Dataset entries
[Start of section]

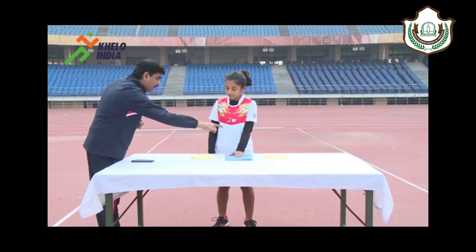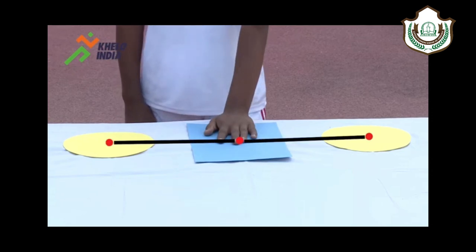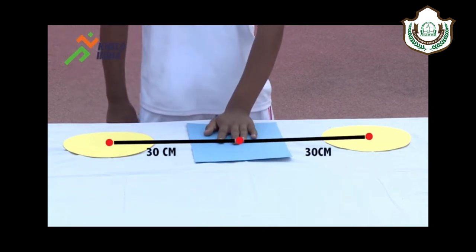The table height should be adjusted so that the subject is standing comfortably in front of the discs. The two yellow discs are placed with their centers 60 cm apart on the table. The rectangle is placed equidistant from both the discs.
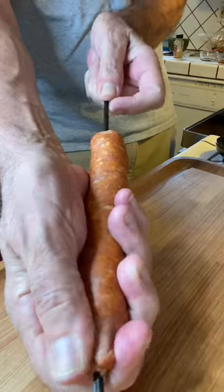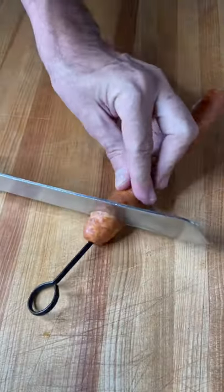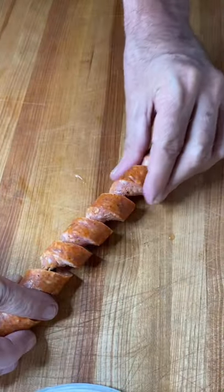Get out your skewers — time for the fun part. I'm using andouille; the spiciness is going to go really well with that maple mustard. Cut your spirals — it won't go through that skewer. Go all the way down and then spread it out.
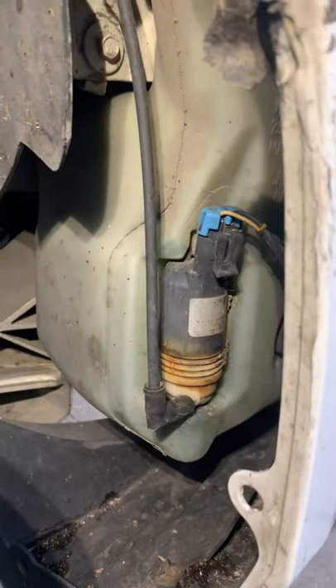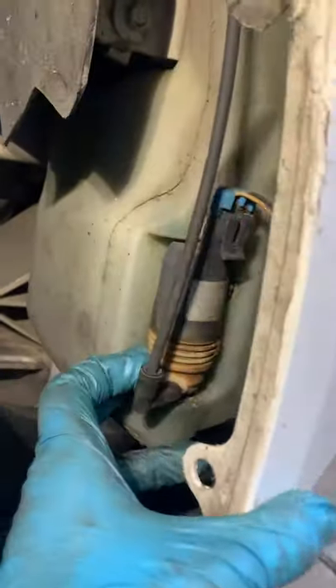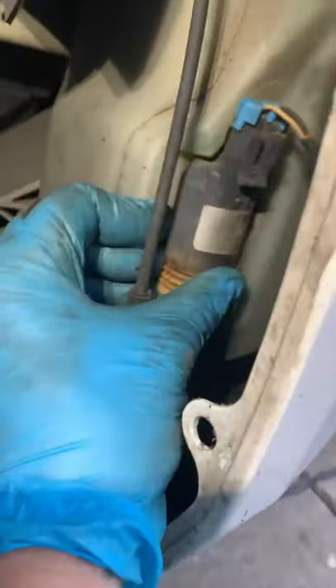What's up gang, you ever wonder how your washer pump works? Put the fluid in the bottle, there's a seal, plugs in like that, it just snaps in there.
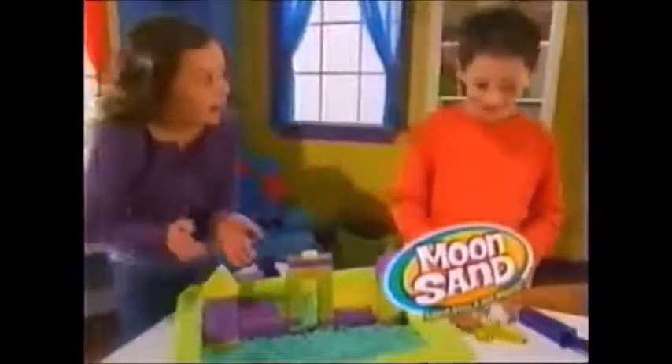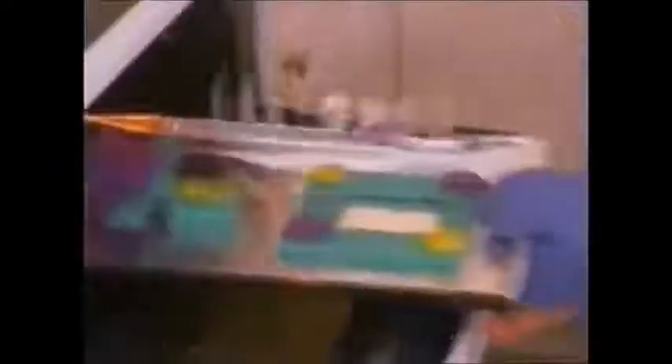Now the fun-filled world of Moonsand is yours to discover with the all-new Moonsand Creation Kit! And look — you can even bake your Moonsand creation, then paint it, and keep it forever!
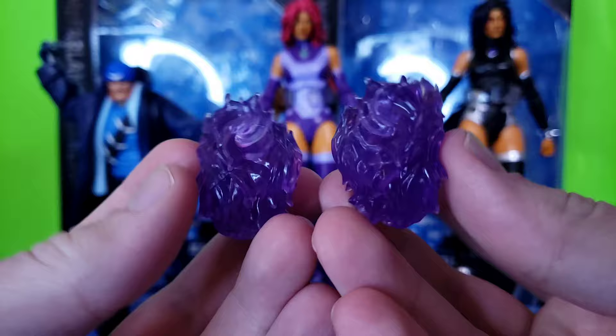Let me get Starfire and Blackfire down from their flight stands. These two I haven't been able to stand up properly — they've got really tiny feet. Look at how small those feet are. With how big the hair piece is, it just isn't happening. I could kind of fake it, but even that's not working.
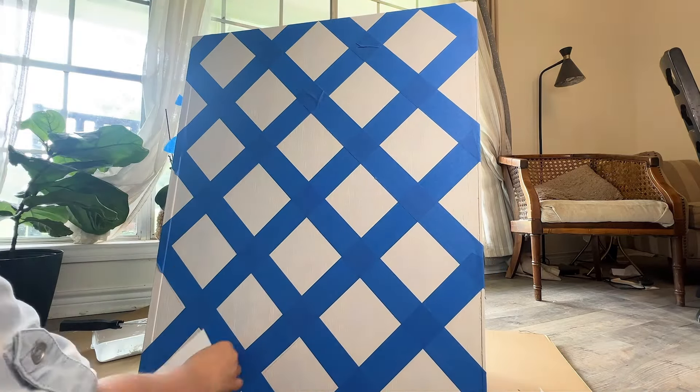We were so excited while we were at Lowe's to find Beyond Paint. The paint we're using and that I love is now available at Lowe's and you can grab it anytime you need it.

[End of section]

### Task objective
Would you copy out, exactly and with no pictures, only the lines above from the one that contains "Get out your" through the one that contains "Now the fun-filled"?

### Exercise solution
Get out your skewers — time for the fun part. I'm using andouille; the spiciness is going to go really well with that maple mustard. Cut your spirals — it won't go through that skewer. Go all the way down and then spread it out.
What's up gang, you ever wonder how your washer pump works? Put the fluid in the bottle, there's a seal, plugs in like that, it just snaps in there.
Now the fun-filled world of Moonsand is yours to discover with the all-new Moonsand Creation Kit! And look — you can even bake your Moonsand creation, then paint it, and keep it forever!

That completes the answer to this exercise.